Al-Insan Al-Tayeb (The Good Person), written and directed by Said Soliman, Salah Abdel-Sabour Hall, Al-Taliaa theatre, 10 April-May, 2016.
Over the years, writer and director Said Soliman has developed a distinctive theatrical blend of expressionism, Sufism, folklore and ritual. His latest work, Al-Insan Al-Tayeb (The Good Person), lately staged at Al-Taliaa theatre (where it ran for over six weeks), is a prime example of this blend and shows it at its best. As in most of his earlier fifteen productions, starting with Al-Sarkhah (The Scream) in 1989, folklore and ritual are not used here as decorative elements, nor indeed as socially integrative tools to consolidate, validate and cement the heritage of the past and its authority structures and project them symbolically into the future, as they have been used in scores of plays. Rather, they are manipulated in such a way as to create a subversive counter-narrative that questions the ideas, values and prejudices they are meant to sanction, thus turning them into weapons of resistance against all forms of dogmatism and oppression on every level. In this respect, his work may be said to continue a revolutionary, socialist trend in dealing with cultural heritage that began in the late 1960s at the hands of such progressive dramatists as Youssri Al-Guindi and Aboul-Ela Al-Salamouni.
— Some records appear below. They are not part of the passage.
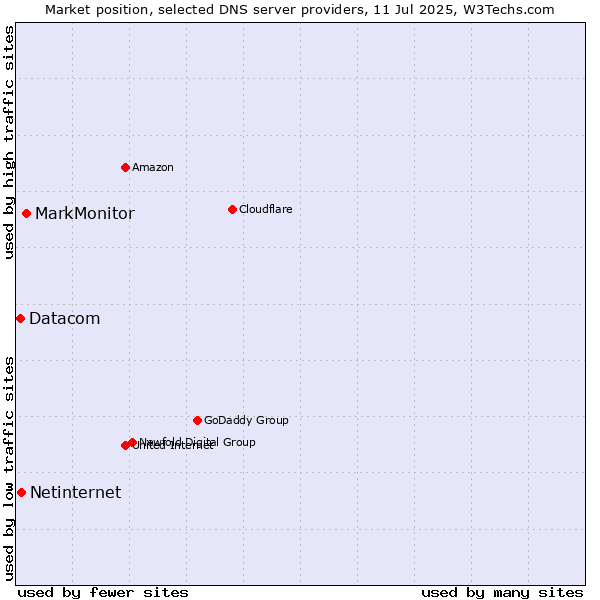 Market position of MarkMonitor vs. Netinternet vs. Datacom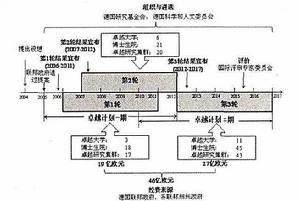 德國大學卓越計畫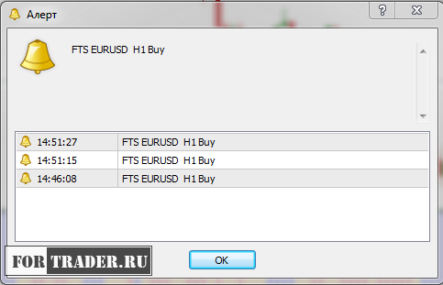 Форекс индикатор для скальпинга Forex Turbo Scalper от Риты Ласкер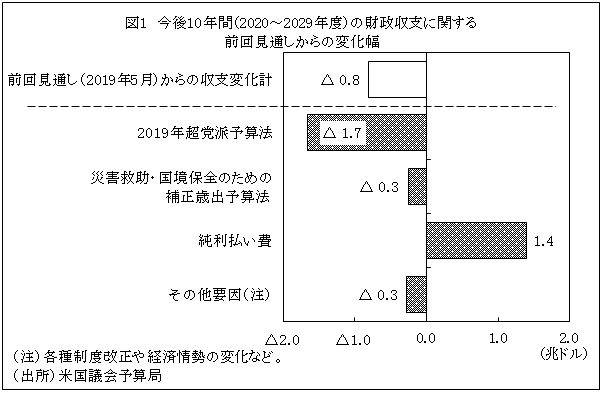 図1　今後10年間（2020～2029年度）の財政収支に関する 前回見通しからの変化幅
Partly in response to Youssef Idris's article “Towards an Egyptian Theatre”, published in 1964, they sought to use Egyptian folklore, ritual and indigenous communal forms of entertainment to evolve a so-called ‘authentically Egyptian' theatrical form, but one which nonetheless has a progressive, socialist content.
In productions like Furgah Arabeyah (An Arab Folk Performance, 1995), Yasin and Baheyah (1997), Al Qabilah (The Tribe, 1998), Tuqoos Al Horreyah (Rituals of Freedom, 2005), and Naaima (2007), where folk tales and ballads and traditional beliefs and customs provide the material, Said Soliman uses ritual at once to provide form and technique and, in the process, to question the very material it shapes and offer a profound critique of the culture that produced it. Even in his adaptations of foreign plays – like Oedipus (1992), Macbeth (2000), Blood Wedding (2002), and Al-Beit (The House of Bernarda Alba, 2010) – one detects the same disruptive use of ritual to critique cultural heritage and the whole change-resistant societal codes it imposes.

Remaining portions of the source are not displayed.